■ The problem:
The material below holds the lines to copy: from the one with "Apartment For Sale" up to and including the one with "JTLKE50E581031290 - 2008". Copy them exactly and skip the pictures.

====== Data ======

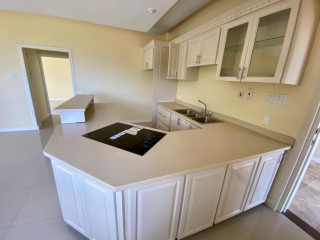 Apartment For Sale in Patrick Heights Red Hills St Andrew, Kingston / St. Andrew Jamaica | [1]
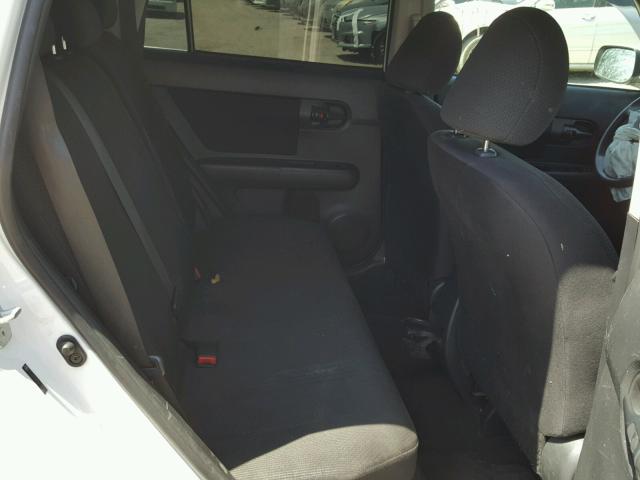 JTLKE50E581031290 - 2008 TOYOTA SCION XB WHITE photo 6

======
====== Data ======

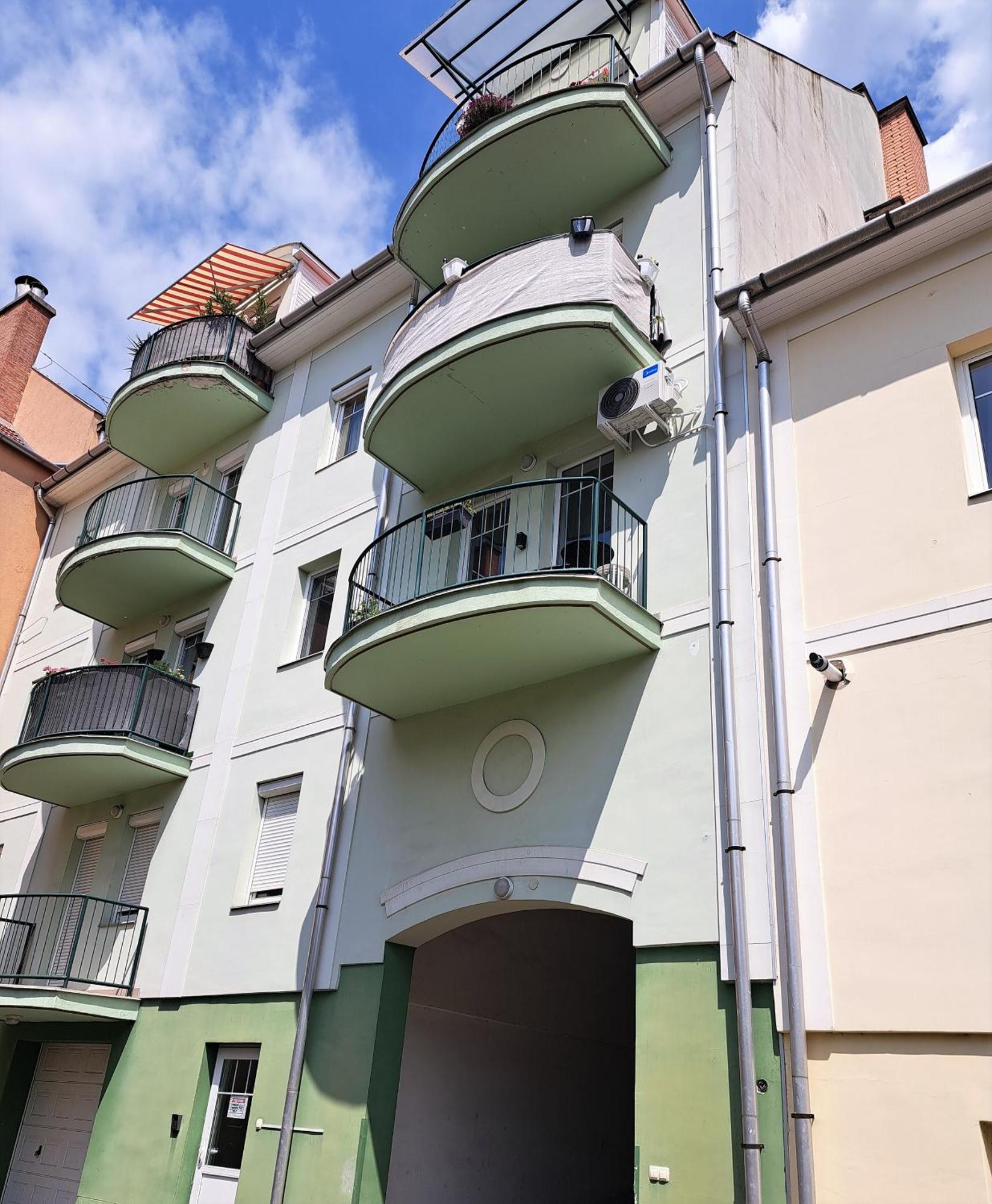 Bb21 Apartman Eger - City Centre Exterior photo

======

■ Response:
 Apartment For Sale in Patrick Heights Red Hills St Andrew, Kingston / St. Andrew Jamaica | [1]
 JTLKE50E581031290 - 2008 TOYOTA SCION XB WHITE photo 6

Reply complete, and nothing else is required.